This code implements the Attention for Novel Object Captioning (ANOC)
If you find the code useful in your research, please consider citing the paper.
@InProceedings{xianyu:2021:anoc,
author={Xianyu Chen and Ming Jiang and Qi Zhao},
title = {Leveraging Human Attention in Novel Object Captioning},
booktitle = {Proceedings of the International Joint Conference on Artificial Intelligence (IJCAI)},
year = {2021}
}
We adopt the official implementation of the nocaps
as a baseline model for novel object captioning. We use the bottom-up features provided in this repository. Please refer to these links for further README information.
- Requirements for Pytorch. We use Pytorch 1.1.0 in our experiments.
- Requirements for Tensorflow. We only use the tensorboard for visualization.
- Python 3.6+
Download the extra nocaps dataset that is not provided by nocaps
and unzip it. The human attention weights is in Link (Remenber to download other documents by the instruction)
This extra human saliency data for COCO
and nocaps
dataset is extracted by Saliency Attentive Model and the detection results for COCO
dataset are extracted by the open image detector.

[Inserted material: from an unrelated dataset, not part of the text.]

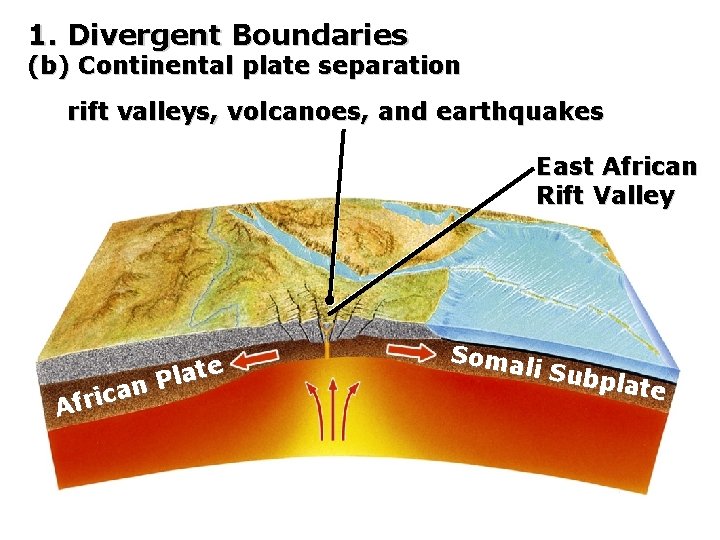 1. Divergent Boundaries (b) Continental plate separation rift valleys, volcanoes, and earthquakes East African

For training without SCST, you can execute the following scripts
CUDA_VISIBLE_DEVICES=0 python scripts/train.py \
--config configs/updown_plus_cbs_saliency_nocaps_val.yaml \
--checkpoint-every 1000 \
--gpu-ids 0 \
--serialization-dir checkpoints/anoc
For visualization, one can use tensorboard to check the performance on the nocaps
validation set and monitor the training process.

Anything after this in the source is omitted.